*Exercise details*:
Exactly transcribe the line that holds "Ahududu ve muzlu yulaf ezmesi" and every remaining line of the records, up to and including the final one, with nothing else.

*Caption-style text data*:
-=-=-

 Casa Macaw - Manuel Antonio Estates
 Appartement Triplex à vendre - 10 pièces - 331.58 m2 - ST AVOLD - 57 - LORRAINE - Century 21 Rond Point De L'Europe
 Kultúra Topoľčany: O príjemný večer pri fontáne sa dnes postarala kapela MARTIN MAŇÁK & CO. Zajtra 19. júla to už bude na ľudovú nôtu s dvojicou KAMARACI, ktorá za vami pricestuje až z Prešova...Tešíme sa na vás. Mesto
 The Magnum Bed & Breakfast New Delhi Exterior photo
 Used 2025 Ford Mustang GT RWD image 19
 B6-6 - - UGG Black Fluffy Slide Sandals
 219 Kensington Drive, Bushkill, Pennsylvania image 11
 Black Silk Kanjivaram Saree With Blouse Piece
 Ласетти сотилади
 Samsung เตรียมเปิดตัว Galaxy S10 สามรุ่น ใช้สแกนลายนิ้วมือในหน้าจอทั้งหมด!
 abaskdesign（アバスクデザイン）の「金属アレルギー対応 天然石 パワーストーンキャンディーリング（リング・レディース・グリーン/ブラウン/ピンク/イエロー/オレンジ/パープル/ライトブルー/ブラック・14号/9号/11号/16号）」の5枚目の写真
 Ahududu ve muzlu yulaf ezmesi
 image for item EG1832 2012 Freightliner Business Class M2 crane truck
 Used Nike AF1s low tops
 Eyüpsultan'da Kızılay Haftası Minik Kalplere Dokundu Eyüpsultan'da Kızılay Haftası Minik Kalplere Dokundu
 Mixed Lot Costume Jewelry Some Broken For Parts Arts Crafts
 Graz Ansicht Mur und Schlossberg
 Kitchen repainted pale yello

-=-=-

*Finished task*:
 Ahududu ve muzlu yulaf ezmesi
 image for item EG1832 2012 Freightliner Business Class M2 crane truck
 Used Nike AF1s low tops
 Eyüpsultan'da Kızılay Haftası Minik Kalplere Dokundu Eyüpsultan'da Kızılay Haftası Minik Kalplere Dokundu
 Mixed Lot Costume Jewelry Some Broken For Parts Arts Crafts
 Graz Ansicht Mur und Schlossberg
 Kitchen repainted pale yello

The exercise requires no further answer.